A Greensboro home that stayed at $300,000 would owe about $1,749 in city tax under Trey Davis’ proposed rate, down from $2,017.50 last year. But a house that jumped from $250,000 to $325,000 in Guilford County’s revaluation would still see the city bill rise to about $1,894.75, even with the rate cut.

That is the tension inside Davis’ recommended $913.2 million budget for fiscal year 2026-27. The plan would lower Greensboro’s property tax rate to 58.30 cents per $100 of assessed value, down 8.95 cents from 67.25 cents, but the city says its revenue-neutral rate is about 48 cents, or roughly $1,440 on a $300,000 home. Guilford County’s 2026 reappraisal took effect Jan. 1, and new values will show up on July tax bills after notices are mailed early in the year. North Carolina law requires counties to appraise property at 100% of market value and to reappraise at least every eight years.

AI-generated illustration
AI-generated illustration

Davis’ proposal includes a $485.9 million General Fund and a compensation package aimed at keeping city pay competitive. It would add a 2.5% cost-of-living adjustment, average merit raises of 1.5% for general employees, and 4% step increases for sworn public safety employees. Minimum pay would rise from $20 to $21.25 an hour for benefited employees and from $17.21 to $18 an hour for roster employees.

Data visualization chart
Data Visualisation

Public safety sits at the center of the spending plan. The budget keeps money flowing to police, fire, emergency communications, behavioral health response, Guilford Metro 911, contracted security, animal control, fire service agreements, major equipment and public safety technology. It also protects core operating areas that touch daily life in Greensboro, including streets, facilities, utilities, stormwater, water and sewer, solid waste and capital planning.

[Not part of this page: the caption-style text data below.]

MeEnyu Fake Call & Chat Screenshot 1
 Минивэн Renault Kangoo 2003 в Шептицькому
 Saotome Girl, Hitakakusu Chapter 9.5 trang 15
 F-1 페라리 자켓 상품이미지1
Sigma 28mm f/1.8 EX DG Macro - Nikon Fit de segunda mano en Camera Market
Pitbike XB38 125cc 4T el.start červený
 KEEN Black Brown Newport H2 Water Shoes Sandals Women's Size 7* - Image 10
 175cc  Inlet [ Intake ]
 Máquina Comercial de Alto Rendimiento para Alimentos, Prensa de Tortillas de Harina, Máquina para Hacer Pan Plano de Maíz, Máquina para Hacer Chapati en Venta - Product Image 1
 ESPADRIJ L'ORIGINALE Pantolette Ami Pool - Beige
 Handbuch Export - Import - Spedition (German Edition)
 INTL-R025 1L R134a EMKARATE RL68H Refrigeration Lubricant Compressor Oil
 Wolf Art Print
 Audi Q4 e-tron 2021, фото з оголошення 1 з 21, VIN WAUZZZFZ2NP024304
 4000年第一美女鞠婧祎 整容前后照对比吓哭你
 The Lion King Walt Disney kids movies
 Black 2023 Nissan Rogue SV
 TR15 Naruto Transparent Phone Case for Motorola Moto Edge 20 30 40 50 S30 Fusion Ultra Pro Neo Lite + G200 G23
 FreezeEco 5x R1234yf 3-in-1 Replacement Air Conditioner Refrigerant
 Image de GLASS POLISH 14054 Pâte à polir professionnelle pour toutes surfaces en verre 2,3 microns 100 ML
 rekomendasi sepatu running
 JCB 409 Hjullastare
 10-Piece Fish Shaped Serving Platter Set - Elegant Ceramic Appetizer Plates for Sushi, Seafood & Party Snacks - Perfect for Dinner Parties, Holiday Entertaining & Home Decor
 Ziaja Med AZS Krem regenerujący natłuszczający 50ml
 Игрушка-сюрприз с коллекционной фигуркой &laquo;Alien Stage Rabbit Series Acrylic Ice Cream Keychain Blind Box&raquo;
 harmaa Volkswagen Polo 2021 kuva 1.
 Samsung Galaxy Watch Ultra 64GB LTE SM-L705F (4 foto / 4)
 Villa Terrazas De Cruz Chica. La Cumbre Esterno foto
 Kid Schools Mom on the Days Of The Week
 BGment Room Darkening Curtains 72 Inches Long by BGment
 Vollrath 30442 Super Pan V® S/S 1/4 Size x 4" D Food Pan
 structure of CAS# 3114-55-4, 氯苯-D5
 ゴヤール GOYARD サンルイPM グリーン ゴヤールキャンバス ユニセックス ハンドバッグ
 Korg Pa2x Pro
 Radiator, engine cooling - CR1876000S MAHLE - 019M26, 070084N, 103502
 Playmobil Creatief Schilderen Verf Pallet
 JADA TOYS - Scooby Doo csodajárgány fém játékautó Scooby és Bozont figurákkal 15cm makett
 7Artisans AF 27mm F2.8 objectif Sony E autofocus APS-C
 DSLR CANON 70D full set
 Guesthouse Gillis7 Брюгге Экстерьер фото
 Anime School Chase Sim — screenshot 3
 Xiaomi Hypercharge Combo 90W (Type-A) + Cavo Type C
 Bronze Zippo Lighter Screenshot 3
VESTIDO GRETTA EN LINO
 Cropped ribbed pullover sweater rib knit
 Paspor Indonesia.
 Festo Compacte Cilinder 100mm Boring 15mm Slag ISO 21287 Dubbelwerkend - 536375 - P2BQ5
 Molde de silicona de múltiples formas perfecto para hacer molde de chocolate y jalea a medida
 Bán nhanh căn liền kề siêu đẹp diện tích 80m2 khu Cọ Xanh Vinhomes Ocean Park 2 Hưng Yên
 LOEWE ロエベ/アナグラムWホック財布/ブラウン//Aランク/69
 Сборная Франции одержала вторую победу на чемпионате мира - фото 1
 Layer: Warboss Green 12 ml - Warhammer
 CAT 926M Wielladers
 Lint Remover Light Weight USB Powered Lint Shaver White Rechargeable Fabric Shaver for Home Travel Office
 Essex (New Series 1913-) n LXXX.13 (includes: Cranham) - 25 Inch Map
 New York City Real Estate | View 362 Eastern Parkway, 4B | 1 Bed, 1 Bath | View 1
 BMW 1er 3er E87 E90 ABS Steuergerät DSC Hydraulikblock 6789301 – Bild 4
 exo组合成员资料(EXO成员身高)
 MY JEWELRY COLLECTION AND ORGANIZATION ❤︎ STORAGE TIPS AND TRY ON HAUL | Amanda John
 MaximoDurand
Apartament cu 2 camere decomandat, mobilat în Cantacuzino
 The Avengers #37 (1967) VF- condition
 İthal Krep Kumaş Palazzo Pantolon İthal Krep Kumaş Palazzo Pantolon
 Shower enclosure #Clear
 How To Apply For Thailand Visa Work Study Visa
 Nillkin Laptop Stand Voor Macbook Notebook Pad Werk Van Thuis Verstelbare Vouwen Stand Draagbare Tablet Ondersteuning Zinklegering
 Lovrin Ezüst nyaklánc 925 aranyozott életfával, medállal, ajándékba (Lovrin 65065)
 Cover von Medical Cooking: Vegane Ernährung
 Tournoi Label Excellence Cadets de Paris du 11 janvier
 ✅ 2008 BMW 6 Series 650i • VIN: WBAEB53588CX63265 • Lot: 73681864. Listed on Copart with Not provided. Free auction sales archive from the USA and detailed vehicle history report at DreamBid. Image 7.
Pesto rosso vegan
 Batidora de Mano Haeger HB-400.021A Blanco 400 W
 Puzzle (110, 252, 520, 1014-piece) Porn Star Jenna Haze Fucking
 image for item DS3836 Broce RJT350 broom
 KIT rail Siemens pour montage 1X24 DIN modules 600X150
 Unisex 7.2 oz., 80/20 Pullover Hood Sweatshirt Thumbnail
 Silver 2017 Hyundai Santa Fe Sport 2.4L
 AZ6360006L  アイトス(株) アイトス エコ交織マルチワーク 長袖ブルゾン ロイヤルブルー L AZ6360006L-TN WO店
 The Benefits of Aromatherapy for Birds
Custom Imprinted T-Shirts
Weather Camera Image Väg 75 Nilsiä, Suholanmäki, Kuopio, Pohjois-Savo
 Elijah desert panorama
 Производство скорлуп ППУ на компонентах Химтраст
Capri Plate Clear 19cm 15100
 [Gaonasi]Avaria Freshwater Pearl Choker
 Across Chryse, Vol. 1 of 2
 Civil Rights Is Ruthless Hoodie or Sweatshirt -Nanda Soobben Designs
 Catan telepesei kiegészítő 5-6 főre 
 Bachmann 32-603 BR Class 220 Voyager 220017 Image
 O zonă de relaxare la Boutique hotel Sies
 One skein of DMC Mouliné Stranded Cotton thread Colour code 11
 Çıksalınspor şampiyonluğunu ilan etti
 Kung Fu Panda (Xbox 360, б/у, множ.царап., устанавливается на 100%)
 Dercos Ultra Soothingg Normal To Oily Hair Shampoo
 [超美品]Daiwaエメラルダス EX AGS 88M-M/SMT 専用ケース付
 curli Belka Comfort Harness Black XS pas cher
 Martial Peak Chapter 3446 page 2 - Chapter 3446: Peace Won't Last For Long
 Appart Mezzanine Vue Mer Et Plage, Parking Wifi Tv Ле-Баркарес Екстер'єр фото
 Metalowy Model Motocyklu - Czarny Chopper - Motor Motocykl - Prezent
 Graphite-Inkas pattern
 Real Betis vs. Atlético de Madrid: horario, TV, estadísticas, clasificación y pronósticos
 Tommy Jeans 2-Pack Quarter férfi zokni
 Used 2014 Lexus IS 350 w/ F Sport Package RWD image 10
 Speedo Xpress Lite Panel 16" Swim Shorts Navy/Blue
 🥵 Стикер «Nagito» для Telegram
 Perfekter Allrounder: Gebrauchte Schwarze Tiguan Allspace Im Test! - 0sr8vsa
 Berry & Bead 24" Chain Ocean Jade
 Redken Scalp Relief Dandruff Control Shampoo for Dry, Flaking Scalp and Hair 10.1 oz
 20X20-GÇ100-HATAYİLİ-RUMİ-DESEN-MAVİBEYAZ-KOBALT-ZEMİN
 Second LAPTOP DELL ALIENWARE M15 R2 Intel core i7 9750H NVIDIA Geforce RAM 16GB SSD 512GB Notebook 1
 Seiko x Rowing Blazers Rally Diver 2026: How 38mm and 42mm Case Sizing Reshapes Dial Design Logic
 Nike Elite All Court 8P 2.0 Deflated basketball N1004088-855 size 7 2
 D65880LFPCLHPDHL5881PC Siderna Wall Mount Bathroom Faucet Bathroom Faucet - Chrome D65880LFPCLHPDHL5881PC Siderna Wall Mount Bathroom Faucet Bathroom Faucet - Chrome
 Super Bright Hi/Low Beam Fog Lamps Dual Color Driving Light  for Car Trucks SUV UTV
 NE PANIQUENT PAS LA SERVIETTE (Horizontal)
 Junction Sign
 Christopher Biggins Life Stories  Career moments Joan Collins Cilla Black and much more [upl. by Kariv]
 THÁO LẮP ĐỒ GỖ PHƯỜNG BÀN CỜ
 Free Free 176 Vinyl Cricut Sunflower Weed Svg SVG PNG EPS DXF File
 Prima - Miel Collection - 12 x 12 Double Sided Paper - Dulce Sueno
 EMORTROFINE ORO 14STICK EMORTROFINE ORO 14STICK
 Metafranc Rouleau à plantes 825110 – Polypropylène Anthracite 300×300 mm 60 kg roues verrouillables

Housing remains another major line of investment. The budget continues support for homeowner assistance, down-payment help, housing preservation, multifamily production and the Road to 10,000 housing initiative. Those efforts tie back to Housing GSO, the city’s 10-year affordable housing plan approved in 2020, which focuses on affordable rental homes, neighborhood reinvestment, homeownership access and supportive housing.

The new proposal is also notably larger than the $830.6 million budget Greensboro adopted on June 17, 2025, when Council kept the tax rate at 67.25 cents and backed continued work on public safety and infrastructure. That earlier budget included water-main rehabilitation, sewer work, street resurfacing, stormwater improvements and bridge repair.

The Greensboro City Council will hold a public hearing on June 2 and is scheduled to consider final adoption on June 16, just as Guilford County’s roughly 222,000-parcel reappraisal keeps reshaping what the city’s lower rate will mean at the kitchen table.